His job in the Senate offers Sanders a platform to continue speaking out about issues he cares about, and he remains very popular in his home state of Vermont. That was evidenced by his showing in the state's Democratic presidential primary in March, when he won 86 per cent of the vote against Clinton.
Sanders has served in the House and Senate as an independent, though he has caucused with the Democrats. Given what he has created this year, party leaders see him as a potentially invaluable asset to help other Democratic candidates raise money and rally young voters.
So far, Sanders has shown little inclination to play a big role on that front. But Senator Richard Durbin, noting the size of Sanders's following, said, "Let me tell you, he's got a heck of an email list, and if he decides to use it to help the Democrats take control of the Senate, that creates a better opportunity for his ideas to see the light of day."
Besides the fundraising operation Sanders has built online, his campaign has also used social media to build a nationwide community of followers that could endure long after the campaign. He now has more than two million followers on Twitter, as well as legions of fans on Facebook and other platforms, including Reddit, a favorite of the younger generation.
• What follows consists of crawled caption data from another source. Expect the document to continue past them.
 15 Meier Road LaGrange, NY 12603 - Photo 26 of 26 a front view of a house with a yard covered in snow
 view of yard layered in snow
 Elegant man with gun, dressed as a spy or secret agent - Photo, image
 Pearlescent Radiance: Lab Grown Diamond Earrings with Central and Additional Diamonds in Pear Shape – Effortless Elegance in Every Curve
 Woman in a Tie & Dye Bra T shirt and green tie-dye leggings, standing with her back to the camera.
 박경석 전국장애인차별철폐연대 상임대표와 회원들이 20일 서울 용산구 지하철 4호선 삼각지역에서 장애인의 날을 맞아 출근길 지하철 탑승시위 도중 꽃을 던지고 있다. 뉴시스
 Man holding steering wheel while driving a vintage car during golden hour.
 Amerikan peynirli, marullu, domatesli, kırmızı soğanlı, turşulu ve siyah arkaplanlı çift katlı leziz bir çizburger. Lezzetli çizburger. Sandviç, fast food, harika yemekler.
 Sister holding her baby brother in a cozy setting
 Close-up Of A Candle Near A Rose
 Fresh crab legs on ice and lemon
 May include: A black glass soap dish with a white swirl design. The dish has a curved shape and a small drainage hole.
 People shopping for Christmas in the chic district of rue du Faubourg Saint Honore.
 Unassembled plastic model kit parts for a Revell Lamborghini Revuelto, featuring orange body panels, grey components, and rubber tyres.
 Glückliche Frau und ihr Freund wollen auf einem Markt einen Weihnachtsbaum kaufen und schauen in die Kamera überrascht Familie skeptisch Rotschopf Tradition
That gives Sanders the opportunity to become the leader of the progressive movement and, with others such as Warren, to keep the pressure on Clinton as both nominee and president, if both were to happen. Still, harnessing all those resources into an effective organisation is challenging, as Obama found with the organisation he built in 2008 and expanded in 2012.
His movement, now called Organising for America, has had limited success generating support for the president's legislative goals. But Sanders's success in pushing Clinton to the left during their nomination contest suggests the kind of influence that Sanders and the progressives in the party could wield in the future.